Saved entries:
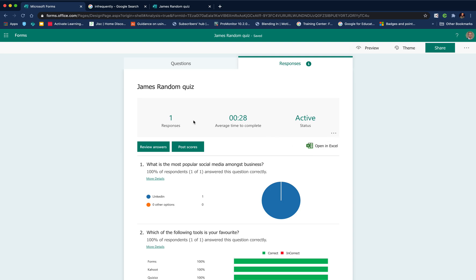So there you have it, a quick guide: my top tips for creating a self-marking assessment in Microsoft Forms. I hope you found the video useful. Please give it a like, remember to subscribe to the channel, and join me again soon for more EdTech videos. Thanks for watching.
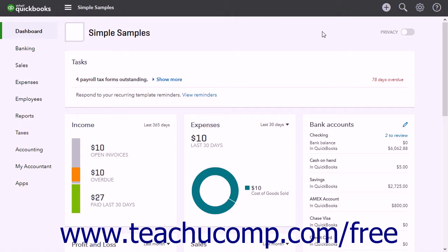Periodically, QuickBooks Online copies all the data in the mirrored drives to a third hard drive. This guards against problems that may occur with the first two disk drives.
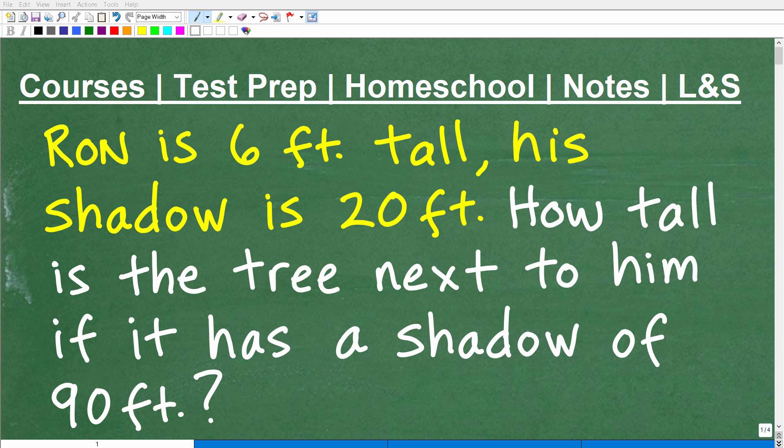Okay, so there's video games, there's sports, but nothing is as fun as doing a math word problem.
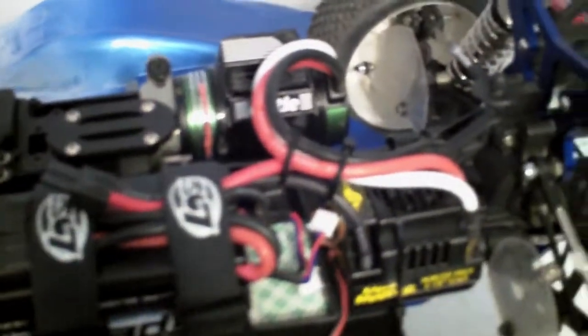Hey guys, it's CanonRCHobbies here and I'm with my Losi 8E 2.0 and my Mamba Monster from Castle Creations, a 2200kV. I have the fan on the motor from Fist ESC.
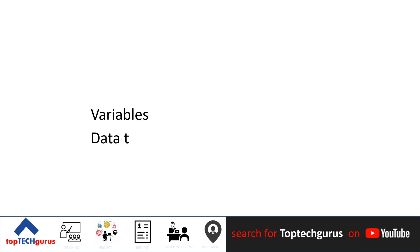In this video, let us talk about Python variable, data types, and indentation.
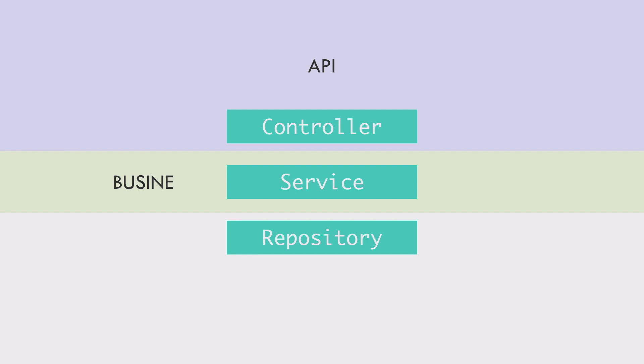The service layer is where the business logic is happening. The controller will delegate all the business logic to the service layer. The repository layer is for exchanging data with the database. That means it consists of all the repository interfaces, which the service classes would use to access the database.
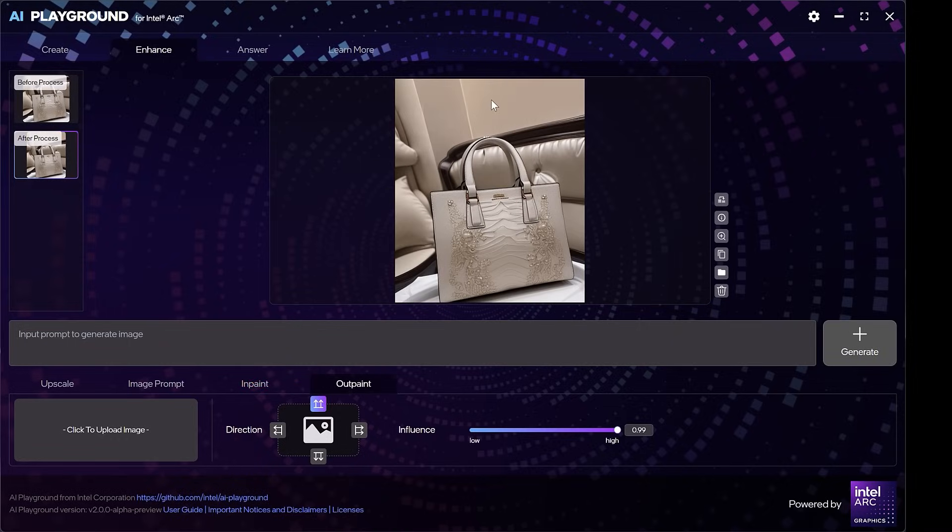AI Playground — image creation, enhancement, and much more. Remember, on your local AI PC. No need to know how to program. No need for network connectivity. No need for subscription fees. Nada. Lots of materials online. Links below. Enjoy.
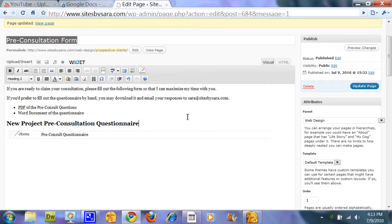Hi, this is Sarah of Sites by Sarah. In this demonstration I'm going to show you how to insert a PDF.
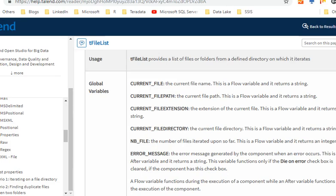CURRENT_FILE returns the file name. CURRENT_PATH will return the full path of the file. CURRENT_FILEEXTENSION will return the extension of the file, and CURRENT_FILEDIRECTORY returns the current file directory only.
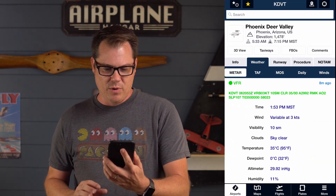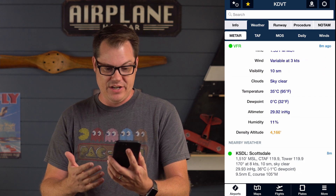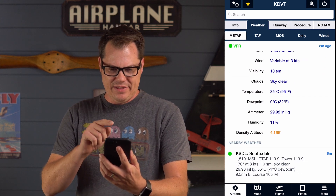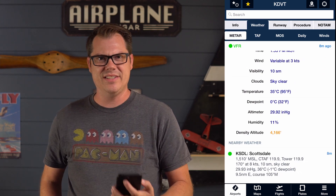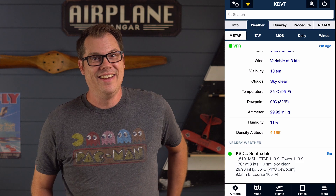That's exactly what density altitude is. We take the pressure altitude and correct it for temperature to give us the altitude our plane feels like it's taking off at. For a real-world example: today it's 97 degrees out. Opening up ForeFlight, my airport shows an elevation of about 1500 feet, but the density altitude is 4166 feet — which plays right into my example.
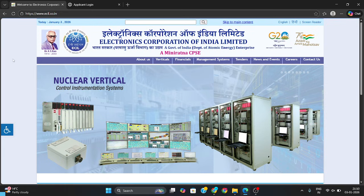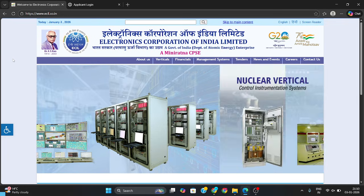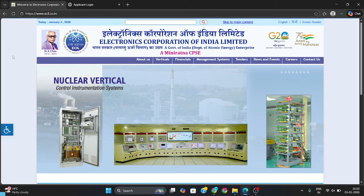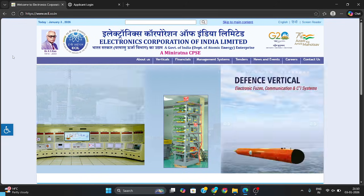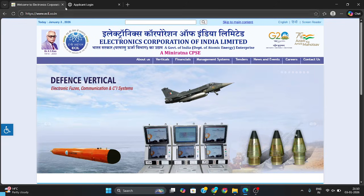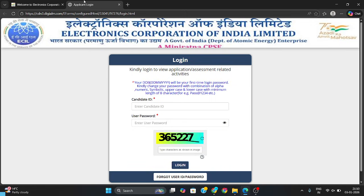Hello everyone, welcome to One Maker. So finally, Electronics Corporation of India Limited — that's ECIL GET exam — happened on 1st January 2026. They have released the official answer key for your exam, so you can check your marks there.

_PROBLEM DETAILS_
Word for word, give again the lines from the first entry to the line with "Okay, so there's", inclusive. Exclude the pictures.

_TASK SOLUTION_
So there you have it, a quick guide: my top tips for creating a self-marking assessment in Microsoft Forms. I hope you found the video useful. Please give it a like, remember to subscribe to the channel, and join me again soon for more EdTech videos. Thanks for watching.
Periodically, QuickBooks Online copies all the data in the mirrored drives to a third hard drive. This guards against problems that may occur with the first two disk drives.
Okay, so there's video games, there's sports, but nothing is as fun as doing a math word problem.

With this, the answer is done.